“Pipoca, paçoca, contos & encantos”!

Morena (passando das 6 horas), joelhos salientes, cabelos crespos e bem volumosos. Se me confundissem com um sabugo de milho moreno... (sem os fios dourados, claro) não ficaria surpresa, já que me sentia bem assim: um sabugo! Mas, como acabamento esmerado desta aparência pouco bonita, havia algo que iluminava minha alma e minimizava os descuidos da natureza malvada: os olhos grandes e muito espertos que herdei de meu querido pai e ele de minha saudosa avó Alzira.

Meu pai era pipoqueiro. Não, melhor dizendo: um excelente fazedor de pipocas! No calor da panela elas pulavam alegremente tocadas ao ritmo de suas mãos de maestro. Os amendoins faziam companhia às dançarinas e não se sentiam nem um pouco inferiorizados! Um cheiro gostoso ia tomando conta do ar, em volta do carrinho de pipoca as pessoas já faziam fila para saboreá-los!

Em meio a milhos e amendoins, havia histórias contadas pelo meu velho e bom pai: Os três porquinhos, a bela adormecida e a história da onça... Ah! A história da onça... Impossível dizer quantas foram as vezes que pedimos ao pai para contar (de novo!) a “história da onça”.

E ele contava, sem reclamar, mais uma vez! Engraçado... Não lembro o final da história da onça! Eu sempre dormia antes da história acabar! Pensando bem, eu acho que o pai “usava” a história como cantiga de ninar... Que esperto! Ouvir histórias era bom. Melhor ainda era ler as histórias.

Ganhara de presente três livros encantadores. Eles pareciam enormes em minha mão de menina de apenas quatro anos. As imagens me encantavam. Lembro-me do Bambi, das figuras impressionantes dos caçadores... “Era uma vez...” essa simples expressão deixava as minhas emoções infantis num verdadeiro frenesi, meu coração disparava; eu sabia, que uma vez pronunciada o mundo se transformaria: fadas, duendes, visões encantadoras povoariam a minha imaginação, tudo era um só encantamento arrematado solenemente pelo invariável ”felizes para sempre”! Como era bom!...
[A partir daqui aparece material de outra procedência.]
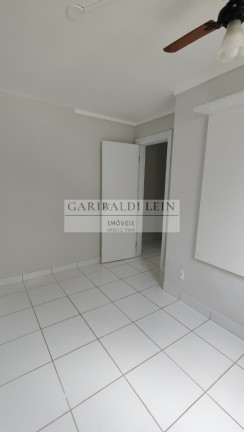 Imagem Imóvel com 1 Quarto à Venda, 49 m² em Vila Campos Sales - Campinas Imagem Imóvel com 1 Quarto à Venda, 49 m² em Vila Campos Sales - Campinas
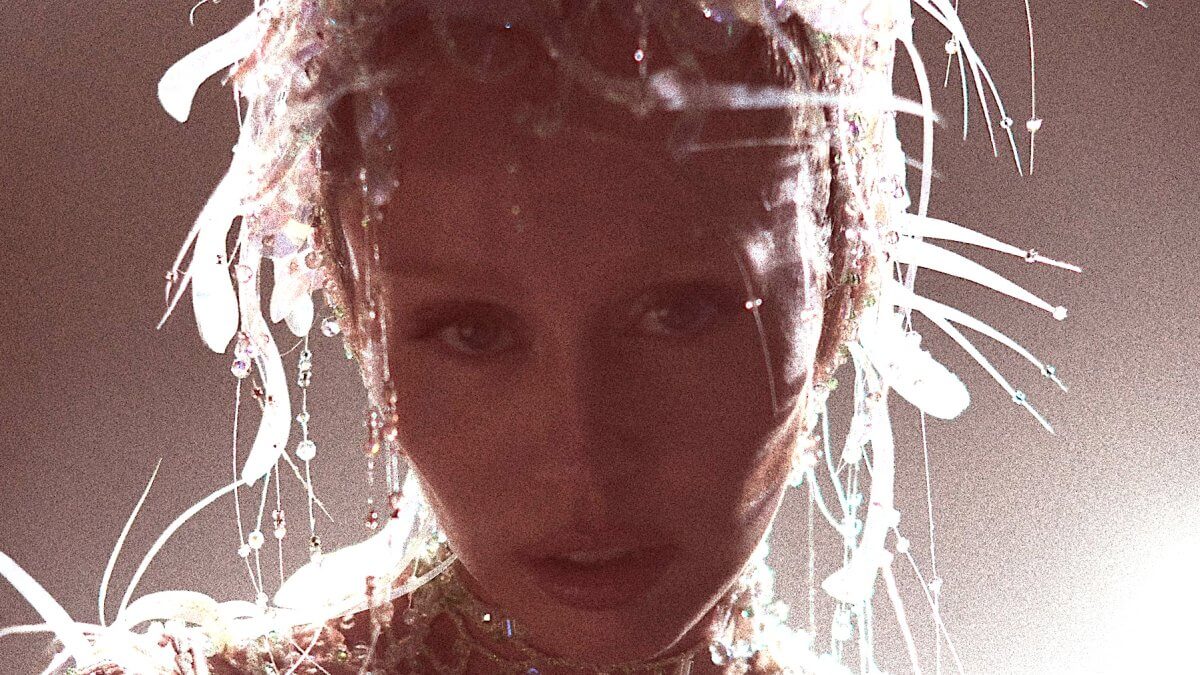 Something Beautiful, arriva il nuovo album di Miley Cyrus. Data d’uscita e tutto quello che sappiamo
Meu pai, muito sensível e observador, notou que os olhos grandes e espertos se alimentavam das páginas. Então, ensinou-me a ler! Além das habilidades com as pipocas, com os amendoins, com as histórias orais, ele apresentava habilidade – também – com as letras!
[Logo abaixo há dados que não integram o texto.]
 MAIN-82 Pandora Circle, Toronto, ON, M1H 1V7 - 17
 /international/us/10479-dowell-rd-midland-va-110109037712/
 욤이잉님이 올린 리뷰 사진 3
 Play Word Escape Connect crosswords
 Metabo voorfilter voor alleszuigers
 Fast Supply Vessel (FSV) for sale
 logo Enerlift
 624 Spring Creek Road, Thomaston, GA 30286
Enquanto suas mãos giravam o torrador de amendoim, e pouco a pouco o cheiro gostoso e conhecido tomava conta do ar, seus olhos caminhavam pelas páginas de um jornal; de um pequeno livro de bolso, enfim... Por qualquer papel que tivesse letras!

E eu, sentava-me ao pé da escada e fazia de um degrau a minha mesa! Nela apoiava meus enormes livros coloridos e abria meu caderno de caligrafia! Verdade! Além de ler, meu pai também me ensinou a escrever!
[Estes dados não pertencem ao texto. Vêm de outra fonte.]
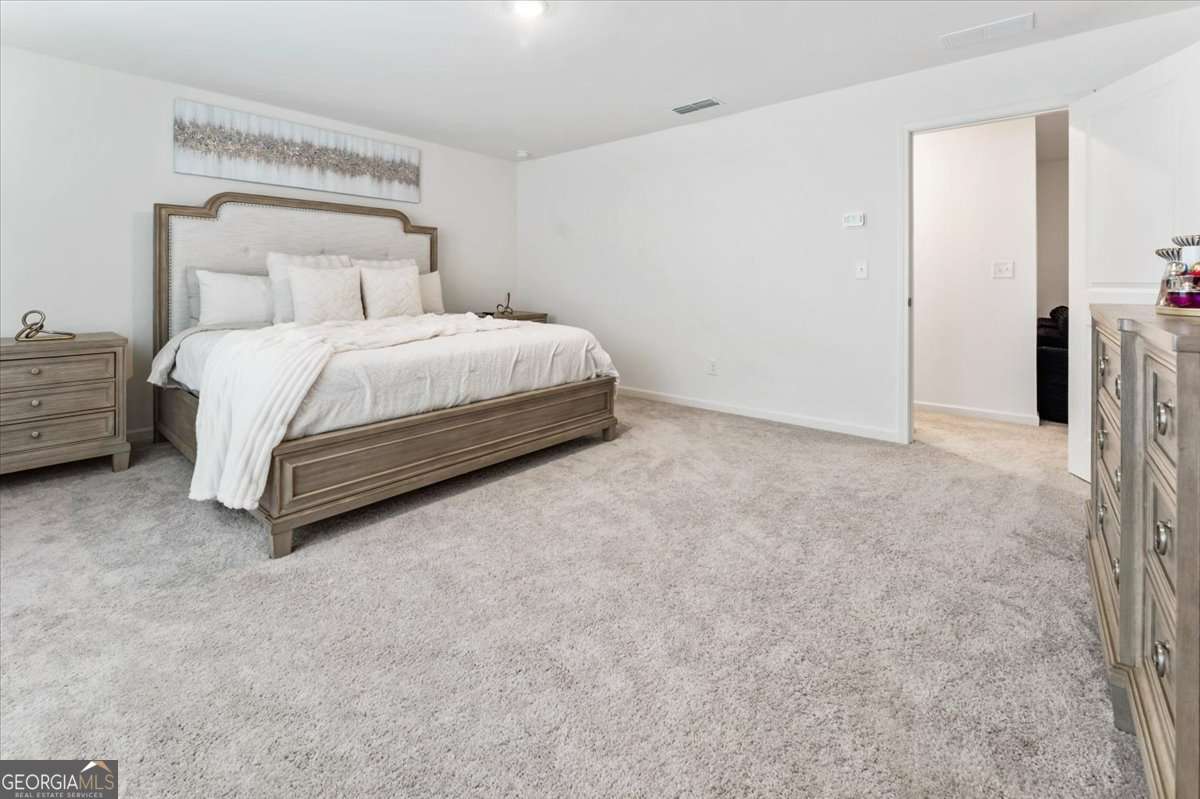 2359 Argento Circle Property Photo 37
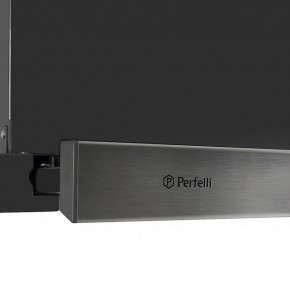  Perfelli TL 6410 I 7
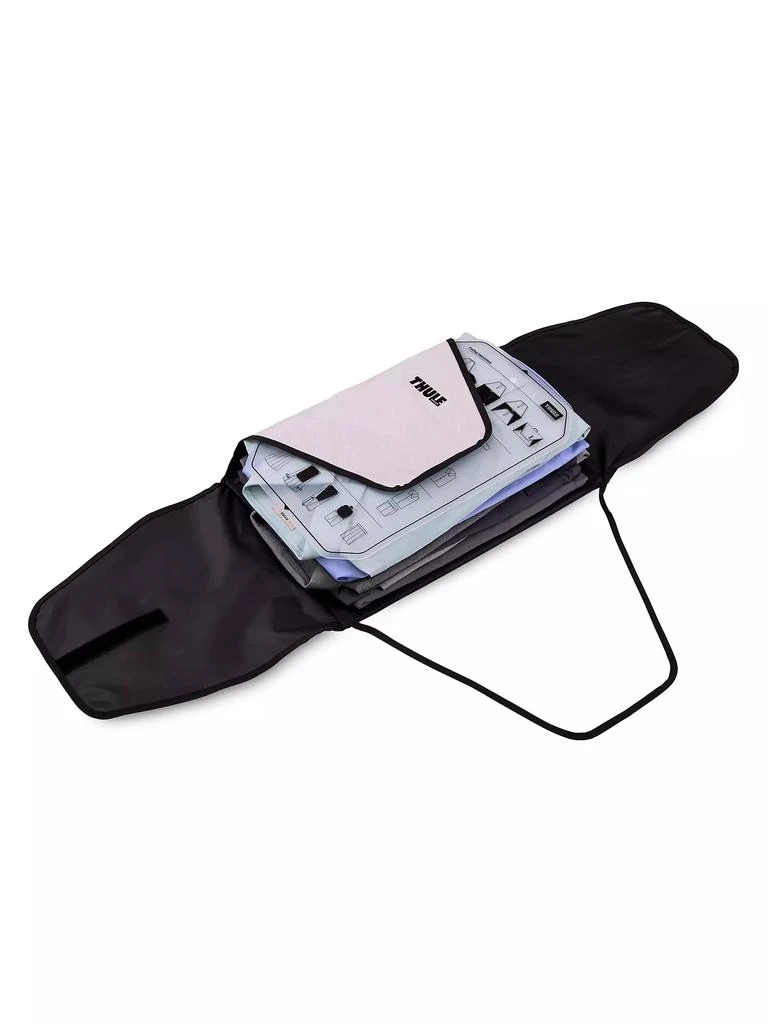 商品Thule|Garment Packing Folder,价格¥240,第4张图片详细描述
Fui para a escola com seis anos de idade. O prédio não era de alvenaria, e sim de madeira. Talvez por isso o calor humano ali habitasse! Dona Inês, minha professora da 1ª série (na época dizia-se “primário”) era muito atenciosa e logo percebeu minhas habilidades.

Não me lembro de ter atrapalhado alguma aula sua; no entanto, pela experiência que temos hoje, creio que tenha dado muito trabalho para ela. É, pensando bem, acho que foi isso mesmo. Recordo-me que ela deixava uns livros de histórias sobre a mesa e falava docemente para eu ler “assim que terminasse a lição”! E era isso que eu fazia!

Poemas? Contos? Crônicas? Não sei se os escrevi... Só sei que em meio à “pipoca, paçoca, contos & encantos” fiz um bilhetinho para minha mãe que ela guarda até hoje!